考虑到用户需要准备的数据集过多，不方便对图片和标注进行训练前确认，因此我们提供了一个数据切分和可视化的工具，可以将数据集切分为 tiny 版本，然后使用可视化脚本查看图片和标签正确性。

切分数据集

脚本位于这里, 以 Object365 v1 为例，切分数据集的命令如下：

python tools/misc/split_odvg.py data/object365_v1/ o365v1_train_od.json train your_output_dir --label-map-file o365v1_label_map.json -n 200

上述脚本运行后会在 your_output_dir 目录下创建和 data/object365_v1/ 一样的文件夹结构，但是只会保存 200 张训练图片和对应的 json，方便用户查看。

可视化原始数据集

脚本位于这里, 以 Object365 v1 为例，可视化数据集的命令如下：

python tools/analysis_tools/browse_grounding_raw.py data/object365_v1/ o365v1_train_od.json train --label-map-file o365v1_label_map.json -o your_output_dir --not-show

上述脚本运行后会在 your_output_dir 目录下生成同时包括图片和标签的图片，方便用户查看。

可视化 dataset 输出的数据集

脚本位于这里, 用户可以通过该脚本查看 dataset 输出的结果即包括了数据增强的结果。
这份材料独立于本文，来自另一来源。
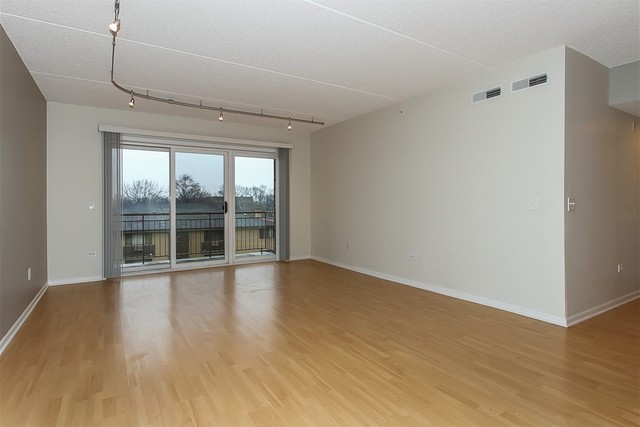 1349 E Washington St #409A, Des Plaines, IL 60016 photo 6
以 Object365 v1 为例，可视化数据集的命令如下：

python tools/analysis_tools/browse_grounding_dataset.py configs/mm_grounding_dino/grounding_dino_swin-t_pretrain_obj365.py  -o your_output_dir --not-show

上述脚本运行后会在 your_output_dir 目录下生成同时包括图片和标签的图片，方便用户查看。

MM-GDINO-L 预训练数据准备和处理

用到的数据集

1 Object365 v2

Objects365_v2 可以从 opendatalab 下载，其提供了 CLI 和 SDK 两者下载方式。

下载并解压后，将其放置或者软链接到 data/objects365v2 目录下，目录结构如下：

mmdetection
├── configs
├── data
│   ├── objects365v2
│   │   ├── annotations
│   │   │   ├── zhiyuan_objv2_train.json
│   │   ├── train
│   │   │   ├── patch0
│   │   │   │   ├── xxx.jpg
│   │   │   ├── ...

由于 objects365v2 类别中有部分类名是错误的，因此需要先进行修正。

python tools/dataset_converters/fix_o365_names.py

会在 data/objects365v2/annotations 下生成新的标注文件 zhiyuan_objv2_train_fixname.json。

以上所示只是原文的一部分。